Since it was announced that Chase Homes intended to buy Bircherley Green the newspapers, message boards and pubs have been full of hopes, plans and wish lists. Unfortunately the planning process does not work that way.

I have lived in Hertford since 1980 but was born and grew up in Camden Town. On Saturday morning I was dragged along by my mother to do the weekly shop. I hated shopping then and still do now. Ask my wife!

However back in those far off days of the early 1950’s shopping was a far different experience from what it is now.

We started at Allens Newsagents in Camden Road to pay the paper bill and to pick up my copies of Beano, Dandy, Lion and sometimes Topper. Then across the road to the butcher. From there to Camden High Street. Our first call was Talbots the Fishmongers. They had a large metal tray outside the shop in which several eels swam. Once chosen the evening meal was taken to the back of the shop and beheaded and sliced into ….. slices.

Next the Greengrocers.
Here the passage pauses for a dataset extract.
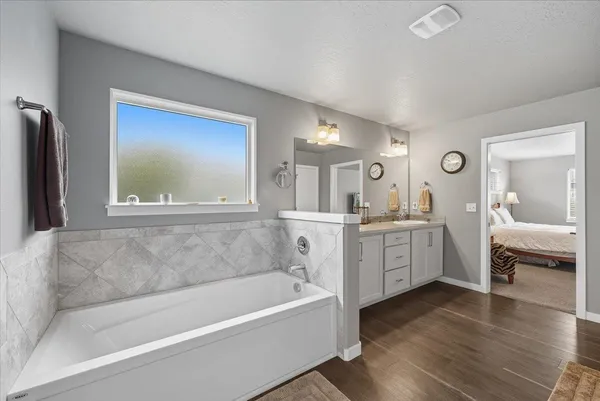 $749,900 | 24673 East Blue Ridge Avenue, Liberty Lake, WA 99019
I think it was called ‘Greens’. Anyway my mum had an excellent relationship with one of the proprietors, Chic. They weighed everything on large scales with weights. I doubt if the measures were ever correct but once weighed the potatoes and larger items such as cauliflowers were tipped straight into my mother’s shopping bag. Fruit tended to be shoved into a large brown paper bag and then into mum’s bag.

Our final routine call was to Biroths the Bakers. Bread was always freshly baked; always a wonderful smell wafted out on to the street. They were open for a a few hours only on Good Friday to sell hot cross buns. Once gone, they shut. My mum was always an early bird then, bringing home freshly baked and still warm hot cross buns.
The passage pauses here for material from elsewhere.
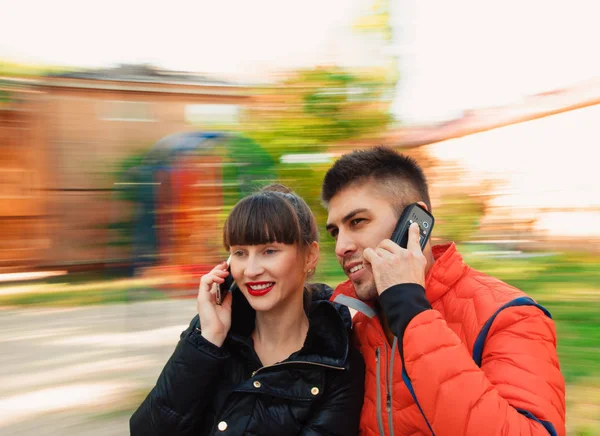 Parlare con il telefono — Foto Stock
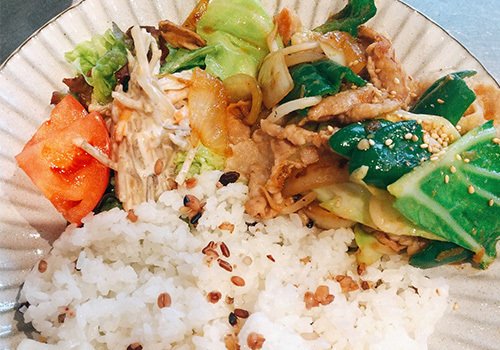 Ланч на одной тарелке с домашними закусками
There were of necessity some days with other routine stops such as Pages the general store for all things household such as needles, cloth, knicker elastic etc.

These were easy going days. My mum knew all the traders  by name and vice versa. Such as Montagu Saxby the leather goods man who sold cases, satchels and handbags. We all bought our sweets from Pugh’s – which for some reason my mother and all her friends and acquaintances called Puckies.

She had a Christmas club everywhere so we ate and drank well in the season to be merry.

Now they’ve all gone – the butcher, baker and candlestick maker. I’ve never met a candlestick maker but he is up there with the best of them.

As Bruce Springsteen once said: ‘these jobs are going boys and they aint coming back’.

People in Hertford are hopeful of a return to those good old days but at the risk of repeating myself: they’ve gone. Shopping and the High Street have changed forever.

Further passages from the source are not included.